Philippe Lenain, CEO of Rent 2 Own Myanmar, is expecting to double his motorcycle rental business in Myanmar by the end of this year. Beyond that, his aim is to enable more rural people to own their own transportation and farm machinery, which will improve productivity and help raise families out of poverty.

Motorcycles are an essential for people living in rural areas. More than 70 percent of Myanmar people live in villages, and every household needs at least one motorcycle to make it easier and faster to go about their daily lives. But for low-income earners, it is not easy to buy one.

Having operated motorcycle rentals in Vietnam, Lenain recognised the potential for growth in Myanmar. “When we looked for business opportunities in Myanmar, we found that the use of motorcycles by rural population was similar to Vietnam, so I started this business,” he said.

Rent 2 Own introduced its motorcycle rental service in Myanmar in 2016. Since then, it has given free motorcycle helmets to more than 110,000 rural people, and helped more than 50,000 of its clients to buy their own motorcycles.

Ownership goals

Rent 2 Own was started with foreign investment of US$10 million (K15.16 billion).
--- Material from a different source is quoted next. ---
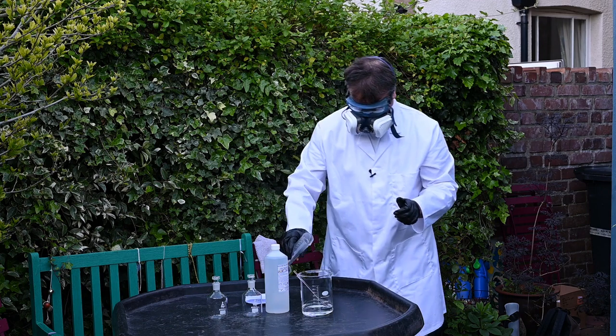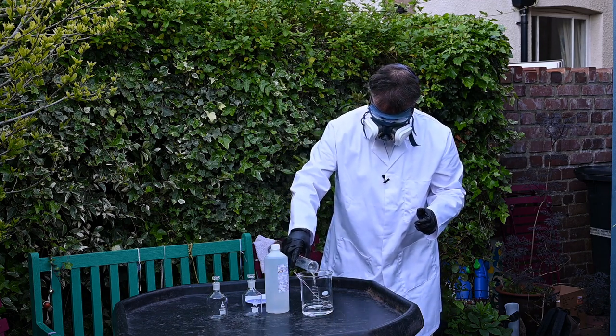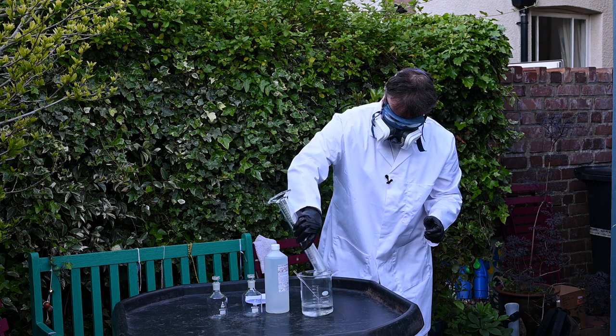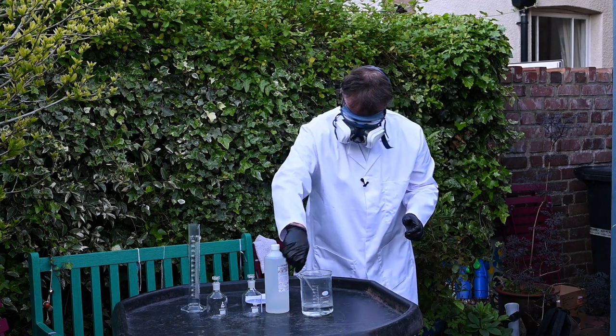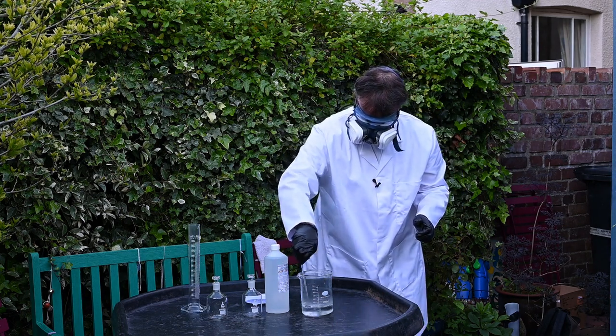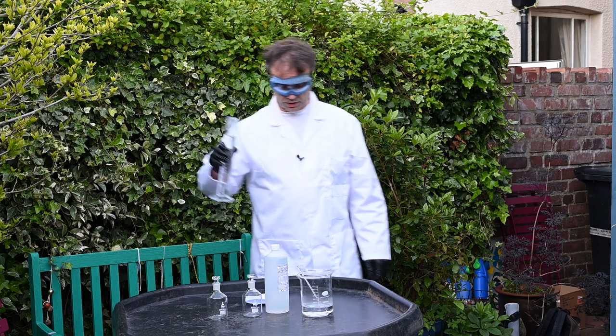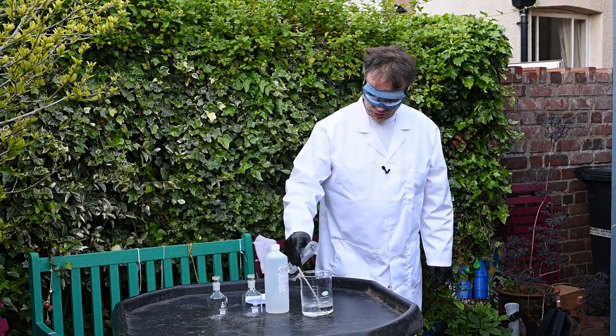Three days later. Finally, we're going to add 250 millilitres of water to make it up to 500 millilitres in total.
It has increased its investment in Myanmar to $35 million and plans to invest up to 40 million. It plans to double its number of rentals from 110,000 motorcycles to around 200,000 by the end of this year and extend its service to Chin State and Tanintharyi Region.

Most of its motorcycles are rented in Yangon Region, but it also offers rentals in Ayeyarwady Region, Bago Region, Shan State and Mon State.

Rent 2 Own rents motorcycles under the hire-purchase system. People who want to buy a motorcycle need to pay a deposit of 10 percent of the price and a once-a-month or once-a-quarter rental fee.

Payment contracts are for nine months to three years, with interest. During this term, the bikes must be serviced once every three months. At the end of the contract, renters have the option of returning their motorcycles for the initial 10pc deposit, or buying the vehicle. Around 99pc of renters choose to buy the motorcycles, said Kai Smith, head of operations at Rent 2 Own.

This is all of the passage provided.